Greg Goodman's funky vibe
There's a certain detachment from reality in this puff piece. When Goodman and Edlen and the boys tell you they're all about the next Clinton Street, it's to laugh. "We want to keep it a 'hood." Sure. Sure you do.
There's a certain detachment from reality in this puff piece. When Goodman and Edlen and the boys tell you they're all about the next Clinton Street, it's to laugh. "We want to keep it a 'hood." Sure. Sure you do.
Comments (9)
Another made up neighborhood, this time to make the Goodmans more $$$. I pitty their tenants.
Posted by Portland Native | March 17, 2012 2:45 PM
A great neighborhood to see your tax dollars at work. Look up to the top of the 12West building. See those turbines? From the ZGF website "The turbines are predicted to generate roughly 10,000 to 12,000 kWh per year, enough to power the elevators. More importantly, the turbines will be thoroughly instrumented so that actual performance and wind flow patterns can be validated against predictions. Recognizing the ground-breaking rigor of investigation into this untested application, the Energy Trust of Oregon and the Oregon Department of Energy funded the entire system cost through energy efficiency grants and tax credits." Yup really ground breaking research there.

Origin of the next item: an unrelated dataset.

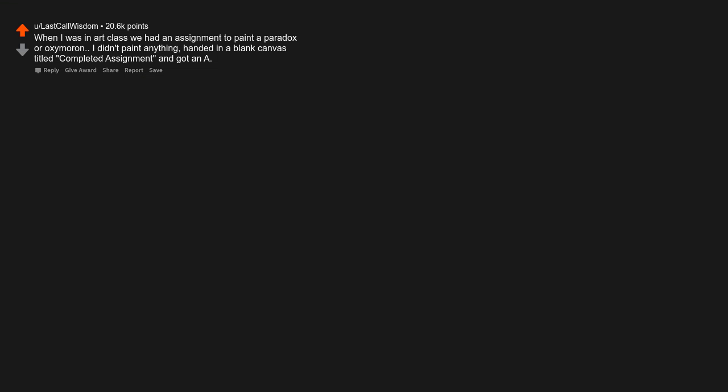When I was in art class we had an assignment to paint a paradox or oxymoron. I didn't paint anything, handed in a blank canvas titled completed assignment, and got an A.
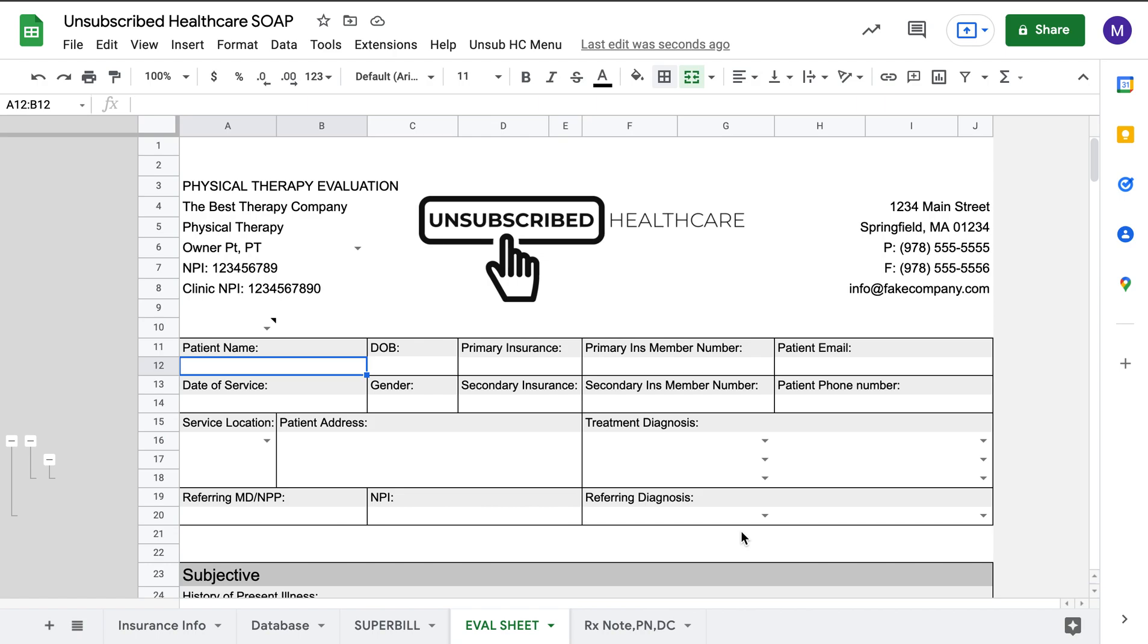Hey everyone, thanks so much for your interest in Unsubscribed Healthcare. I want to go over the eval template of the healthcare SOAP note that I've created for you. This is the most basic and simple package that I have to offer, but it's still really functional and useful. Let's go over it, starting from the top.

Posted by Mike | March 17, 2012 6:07 PM
Wow, what a cabal of 1 percenters. Goodman, Singer, Menasche, Edlen.
And I can't get another $50K addition on my LOC from my bank because "they're not lending".
Sure. A 'hood. Sure.
Posted by nancy | March 18, 2012 9:17 AM
Mike, what do you think the odds are to have Energy Trust of Oregon and ODE pay for all of your wind turbines? And have you ever asked for the performance audit of the 12West installation. All I've gotten is "Don't know-get back to you".
Posted by lw | March 18, 2012 11:45 AM
Nancy,
How much money of the pet projects throughout the years has been transferred to the 1 percenters?
Is that why our share of debt is $10,9442.74?
Of course, they will do whatever they can to get more, the tentacles now reaching into Clackamas and Washington Counties.
Posted by clinamen | March 18, 2012 11:55 AM
"Those were among the traits that resonated with some of the city's best-known developers, who say they worked collaboratively, and more closely than they ever had before, to handpick tenants and revitalize old buildings while working to keep the dozen or so blocks' sensibilities."
Handpick... that's the word that stood out to me. There's nothing organic about the growth of a neighborhood where every twee little pocket-mulching cooperative was selected in this fashion. That's not business, that's a one-dimensional facade.
Central Planning is terrible at picking winners and losers. Get the hell out of the way and let the dog-fur knitters go at it for neighborhood supremacy. If they someday build a vital and energetic Dog Fur Row, it will not be due to your cunning plan.
Why do we need to master-plan everything in this city like it's Celebration, Florida?
Posted by Downtown Denizen | March 18, 2012 9:51 PM
Here is easily the best comment on that story:
Munchausenbaron March 17, 2012 at 7:39PM
I have never seen a town so full of itself as Portland...You'd think it was Paris on the Willamette, instead of a hardscrabble refugium for slackers, government lazies, neurotic and incompetent politicians, homeless people, drug addicts, grifters, pimps & 'hos, and fringe elements. It has acquired a weird kind of urban chic reputation with New York City types...starting even before Vera Katz invaded the city. But then if you've ever spent anytime in filthy, rude New York City, any place would be more appealing. Portlandia lives up to its reputation: WEIRD.
So true... I really need to change my handle, but I still go there every day. I must be weird too.
Posted by Downtown Denizen | March 18, 2012 10:21 PM
Downtown Denizen,:Why do we need to master-plan everything in this city like it's Celebration, Florida?
Good question.
How much do Master Plans cost?
I would feel such a sense of relief if we could just have a moratorium on plans for awhile.
This constant change and planning does not bode well for stability in a community.
Posted by clinamen | March 19, 2012 12:18 AM
LW Somehow I doubt that the performance audit of those wind turbines will ever see the light of day assuming that an audit is ever done. I know it cost $10,000 a piece to install those things but I have no idea what the total installed cost was. I'd like to see the cutting edge data that the two agencies will be sharing.If you are going to fund even a part of those things there should be some small chance that those things will ever be viable which in this case there isn't.